■ EXERCISE: Output every entry exactly as it appears.

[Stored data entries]
• • •
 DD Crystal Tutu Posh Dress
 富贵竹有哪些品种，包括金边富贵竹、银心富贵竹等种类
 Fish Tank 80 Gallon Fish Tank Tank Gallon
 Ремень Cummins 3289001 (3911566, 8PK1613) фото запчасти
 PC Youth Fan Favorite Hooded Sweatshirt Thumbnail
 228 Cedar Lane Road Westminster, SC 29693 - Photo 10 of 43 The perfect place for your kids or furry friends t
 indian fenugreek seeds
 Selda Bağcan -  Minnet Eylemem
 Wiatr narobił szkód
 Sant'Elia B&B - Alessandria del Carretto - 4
• • •
■ RESPONSE TO THIS EXERCISE:
 DD Crystal Tutu Posh Dress
 富贵竹有哪些品种，包括金边富贵竹、银心富贵竹等种类
 Fish Tank 80 Gallon Fish Tank Tank Gallon
 Ремень Cummins 3289001 (3911566, 8PK1613) фото запчасти
 PC Youth Fan Favorite Hooded Sweatshirt Thumbnail
 228 Cedar Lane Road Westminster, SC 29693 - Photo 10 of 43 The perfect place for your kids or furry friends t
 indian fenugreek seeds
 Selda Bağcan -  Minnet Eylemem
 Wiatr narobił szkód
 Sant'Elia B&B - Alessandria del Carretto - 4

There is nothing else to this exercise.